┏━━
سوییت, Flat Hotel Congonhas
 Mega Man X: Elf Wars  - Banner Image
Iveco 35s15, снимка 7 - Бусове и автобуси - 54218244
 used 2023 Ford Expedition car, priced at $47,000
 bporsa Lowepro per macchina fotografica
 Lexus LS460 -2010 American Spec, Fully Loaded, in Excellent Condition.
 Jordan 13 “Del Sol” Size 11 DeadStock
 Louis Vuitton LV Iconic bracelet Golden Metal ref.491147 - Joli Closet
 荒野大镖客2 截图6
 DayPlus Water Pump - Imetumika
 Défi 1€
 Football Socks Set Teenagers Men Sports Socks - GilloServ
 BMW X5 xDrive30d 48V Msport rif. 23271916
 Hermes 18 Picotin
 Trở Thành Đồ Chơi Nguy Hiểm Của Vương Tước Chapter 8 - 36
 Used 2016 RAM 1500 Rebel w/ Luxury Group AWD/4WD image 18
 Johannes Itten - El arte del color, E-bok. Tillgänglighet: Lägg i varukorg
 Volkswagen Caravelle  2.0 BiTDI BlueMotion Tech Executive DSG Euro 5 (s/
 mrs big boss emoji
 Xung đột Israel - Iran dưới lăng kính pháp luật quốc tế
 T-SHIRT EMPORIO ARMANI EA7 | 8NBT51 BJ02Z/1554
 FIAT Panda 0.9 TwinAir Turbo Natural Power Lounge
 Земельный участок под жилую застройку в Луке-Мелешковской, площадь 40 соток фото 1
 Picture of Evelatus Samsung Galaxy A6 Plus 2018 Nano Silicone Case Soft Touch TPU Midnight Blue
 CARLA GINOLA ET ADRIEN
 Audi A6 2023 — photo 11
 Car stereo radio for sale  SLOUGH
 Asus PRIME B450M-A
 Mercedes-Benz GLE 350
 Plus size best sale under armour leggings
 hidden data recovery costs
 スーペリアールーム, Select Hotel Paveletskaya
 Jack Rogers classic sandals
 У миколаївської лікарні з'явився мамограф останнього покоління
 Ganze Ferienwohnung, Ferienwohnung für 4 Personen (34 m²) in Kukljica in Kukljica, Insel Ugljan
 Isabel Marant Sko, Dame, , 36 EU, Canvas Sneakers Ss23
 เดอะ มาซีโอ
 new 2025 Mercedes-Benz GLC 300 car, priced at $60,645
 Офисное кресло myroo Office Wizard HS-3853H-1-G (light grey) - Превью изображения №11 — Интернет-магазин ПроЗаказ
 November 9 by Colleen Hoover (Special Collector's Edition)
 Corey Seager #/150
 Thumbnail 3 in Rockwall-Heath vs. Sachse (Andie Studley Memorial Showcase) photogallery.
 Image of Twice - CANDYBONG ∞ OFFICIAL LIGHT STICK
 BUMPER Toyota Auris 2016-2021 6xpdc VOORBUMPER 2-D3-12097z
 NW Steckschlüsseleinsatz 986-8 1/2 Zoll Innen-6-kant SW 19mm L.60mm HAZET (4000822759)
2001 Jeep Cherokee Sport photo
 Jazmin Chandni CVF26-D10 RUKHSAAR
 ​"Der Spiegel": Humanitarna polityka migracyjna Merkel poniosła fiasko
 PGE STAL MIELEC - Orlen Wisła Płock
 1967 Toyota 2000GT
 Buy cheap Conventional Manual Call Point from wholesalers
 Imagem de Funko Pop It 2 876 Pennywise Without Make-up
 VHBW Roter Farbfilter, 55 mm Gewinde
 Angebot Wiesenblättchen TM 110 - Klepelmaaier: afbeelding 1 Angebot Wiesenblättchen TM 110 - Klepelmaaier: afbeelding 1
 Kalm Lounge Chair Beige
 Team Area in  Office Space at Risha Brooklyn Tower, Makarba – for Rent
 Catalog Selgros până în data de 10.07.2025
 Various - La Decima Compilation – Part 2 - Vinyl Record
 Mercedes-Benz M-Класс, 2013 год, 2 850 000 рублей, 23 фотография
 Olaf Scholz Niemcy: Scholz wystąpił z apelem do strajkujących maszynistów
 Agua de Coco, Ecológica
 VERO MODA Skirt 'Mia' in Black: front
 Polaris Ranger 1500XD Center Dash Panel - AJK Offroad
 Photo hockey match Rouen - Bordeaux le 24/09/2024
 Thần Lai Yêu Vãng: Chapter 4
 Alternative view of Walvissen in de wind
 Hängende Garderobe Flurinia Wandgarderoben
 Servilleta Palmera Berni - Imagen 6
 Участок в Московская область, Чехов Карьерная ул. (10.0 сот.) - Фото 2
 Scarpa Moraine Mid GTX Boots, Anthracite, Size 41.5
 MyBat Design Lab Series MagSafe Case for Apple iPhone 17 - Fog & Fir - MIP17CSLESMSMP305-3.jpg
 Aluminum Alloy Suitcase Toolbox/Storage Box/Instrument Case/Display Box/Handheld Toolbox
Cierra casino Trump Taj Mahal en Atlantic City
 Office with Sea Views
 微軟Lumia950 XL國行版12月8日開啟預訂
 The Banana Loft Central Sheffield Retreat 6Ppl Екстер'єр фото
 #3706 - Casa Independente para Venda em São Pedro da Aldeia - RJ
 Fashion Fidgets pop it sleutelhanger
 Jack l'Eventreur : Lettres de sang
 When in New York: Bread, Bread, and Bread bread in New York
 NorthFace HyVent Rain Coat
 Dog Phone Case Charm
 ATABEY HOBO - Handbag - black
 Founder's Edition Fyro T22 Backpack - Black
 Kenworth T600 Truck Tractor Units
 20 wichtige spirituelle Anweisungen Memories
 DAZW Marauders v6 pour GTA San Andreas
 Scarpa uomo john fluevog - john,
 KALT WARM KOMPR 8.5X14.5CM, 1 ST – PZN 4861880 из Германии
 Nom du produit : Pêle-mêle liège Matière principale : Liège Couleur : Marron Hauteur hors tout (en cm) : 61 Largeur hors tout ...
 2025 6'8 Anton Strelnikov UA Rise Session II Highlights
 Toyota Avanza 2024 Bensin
┗━━
### What the exercise asks:
Taking the listing above as the source, transcribe only the lines starting at the line with "Kalm Lounge Chair Beige" and going through the line with "KALT WARM KOMPR", unaltered and with both ends included.

### Finished task:
 Kalm Lounge Chair Beige
 Team Area in  Office Space at Risha Brooklyn Tower, Makarba – for Rent
 Catalog Selgros până în data de 10.07.2025
 Various - La Decima Compilation – Part 2 - Vinyl Record
 Mercedes-Benz M-Класс, 2013 год, 2 850 000 рублей, 23 фотография
 Olaf Scholz Niemcy: Scholz wystąpił z apelem do strajkujących maszynistów
 Agua de Coco, Ecológica
 VERO MODA Skirt 'Mia' in Black: front
 Polaris Ranger 1500XD Center Dash Panel - AJK Offroad
 Photo hockey match Rouen - Bordeaux le 24/09/2024
 Thần Lai Yêu Vãng: Chapter 4
 Alternative view of Walvissen in de wind
 Hängende Garderobe Flurinia Wandgarderoben
 Servilleta Palmera Berni - Imagen 6
 Участок в Московская область, Чехов Карьерная ул. (10.0 сот.) - Фото 2
 Scarpa Moraine Mid GTX Boots, Anthracite, Size 41.5
 MyBat Design Lab Series MagSafe Case for Apple iPhone 17 - Fog & Fir - MIP17CSLESMSMP305-3.jpg
 Aluminum Alloy Suitcase Toolbox/Storage Box/Instrument Case/Display Box/Handheld Toolbox
Cierra casino Trump Taj Mahal en Atlantic City
 Office with Sea Views
 微軟Lumia950 XL國行版12月8日開啟預訂
 The Banana Loft Central Sheffield Retreat 6Ppl Екстер'єр фото
 #3706 - Casa Independente para Venda em São Pedro da Aldeia - RJ
 Fashion Fidgets pop it sleutelhanger
 Jack l'Eventreur : Lettres de sang
 When in New York: Bread, Bread, and Bread bread in New York
 NorthFace HyVent Rain Coat
 Dog Phone Case Charm
 ATABEY HOBO - Handbag - black
 Founder's Edition Fyro T22 Backpack - Black
 Kenworth T600 Truck Tractor Units
 20 wichtige spirituelle Anweisungen Memories
 DAZW Marauders v6 pour GTA San Andreas
 Scarpa uomo john fluevog - john,
 KALT WARM KOMPR 8.5X14.5CM, 1 ST – PZN 4861880 из Германии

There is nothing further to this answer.